He swallows hard, the threat of bile still lingering at the back of his throat. This happens sometimes, when he says something that would probably go against his old operating protocols if they were still in use. They're not active anymore, but there's enough of their teeth and claws left in him to make him feel nauseous if he does something he's supposed to be punished for.

Natasha told him it never goes away, not completely. That's almost a comfort, in a strange way. Bucky's lost so much of himself already that the idea of something being indelible is weirdly attractive, even if that something is horrifying. Even a scar is something to keep.

"It was easier to kill people than it should have been, even in the beginning. They were just targets, I got told they were bad and I didn't ask questions because I was a solider, it wasn't my job to decide who got killed. It was just my job to kill them." The skin at the sides of his fingernails is bleeding, he realises blankly from somewhere far back in his head. Steve will worry. "I was already… I was good material for them to work with. If they'd picked someone like Steve then it would've never worked. But I already had something… wrong."

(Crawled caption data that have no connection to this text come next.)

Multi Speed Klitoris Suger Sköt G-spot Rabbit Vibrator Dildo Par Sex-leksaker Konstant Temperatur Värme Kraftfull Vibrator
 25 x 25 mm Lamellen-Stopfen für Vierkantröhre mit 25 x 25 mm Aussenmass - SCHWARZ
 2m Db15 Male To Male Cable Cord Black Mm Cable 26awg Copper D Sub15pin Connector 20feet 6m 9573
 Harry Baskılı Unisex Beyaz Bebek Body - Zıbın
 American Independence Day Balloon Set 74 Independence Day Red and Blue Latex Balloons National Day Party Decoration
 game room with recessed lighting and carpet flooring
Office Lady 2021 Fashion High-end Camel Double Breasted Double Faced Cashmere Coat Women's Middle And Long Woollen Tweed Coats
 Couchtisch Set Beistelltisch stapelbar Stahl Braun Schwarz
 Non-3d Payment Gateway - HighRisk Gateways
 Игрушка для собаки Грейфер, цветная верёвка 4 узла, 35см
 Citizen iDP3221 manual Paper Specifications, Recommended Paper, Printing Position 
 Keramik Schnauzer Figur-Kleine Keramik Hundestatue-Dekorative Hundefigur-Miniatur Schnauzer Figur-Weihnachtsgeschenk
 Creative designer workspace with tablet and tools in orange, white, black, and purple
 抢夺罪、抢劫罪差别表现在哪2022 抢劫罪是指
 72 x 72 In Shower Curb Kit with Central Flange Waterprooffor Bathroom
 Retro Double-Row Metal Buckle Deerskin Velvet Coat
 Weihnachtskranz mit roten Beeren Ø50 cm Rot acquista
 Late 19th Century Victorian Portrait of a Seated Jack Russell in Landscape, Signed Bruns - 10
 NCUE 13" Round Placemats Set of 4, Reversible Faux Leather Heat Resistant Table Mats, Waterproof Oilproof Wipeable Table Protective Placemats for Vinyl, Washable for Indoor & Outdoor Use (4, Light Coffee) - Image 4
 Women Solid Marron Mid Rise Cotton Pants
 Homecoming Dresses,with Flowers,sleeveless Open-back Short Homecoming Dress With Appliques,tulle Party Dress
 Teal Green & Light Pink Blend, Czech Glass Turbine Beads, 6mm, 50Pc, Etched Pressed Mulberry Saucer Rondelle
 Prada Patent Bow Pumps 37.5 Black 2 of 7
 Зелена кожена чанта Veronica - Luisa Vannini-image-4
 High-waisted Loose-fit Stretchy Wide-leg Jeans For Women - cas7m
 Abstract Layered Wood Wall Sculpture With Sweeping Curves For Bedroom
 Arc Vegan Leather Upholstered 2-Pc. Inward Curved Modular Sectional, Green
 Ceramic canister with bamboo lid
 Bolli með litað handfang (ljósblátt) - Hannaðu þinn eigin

"I don't think there was anything wrong with you, Bucky." Dr Khan's voice is calm, neutral, but Bucky can tell she's thrown by the crap pouring out of his mouth when he's been so eager to stay silent and not give himself away in so many of their previous sessions. "You were a very young man put into a horrific situation. So many men from your generation came back from the war feeling like they didn't deserve to survive, or with terrible—"

"Shellshock. I know. It was either fall, die, or come home to become an asshole who drank a fifth of whiskey a night and beat his wife for breathing. I get that." Bucky doesn't mean to cut her off, but he's starting to become agitated and he doesn't want to end up with a handful of pills to _calm him down_ again. He's had enough drugs to keep him docile and _manageable_ for three lifetimes. "I'm not shellshocked. I know there was something wrong with me."

"Bucky—"

"I know what Dr Erskine said about his serum. Steve told me a couple days after he turned up looking like some kind of myth." The doctor's words have haunted him ever since, because even in those early days after captivity ( _puking up bright blue bile away from the camp where nobody could see him as they trudged back to safety on that long trek through Austria trying to be normal when he could hear everything and smell everything and food make him sick because he could taste every molecule of mould and shit on it_ ), Bucky had known what'd been done to him couldn't be undone with a few weeks of bedrest and decent food. "Good becomes great, bad becomes worse."

"So you think you were bad to begin with? Because HYDRA took you back and brainwashed you?"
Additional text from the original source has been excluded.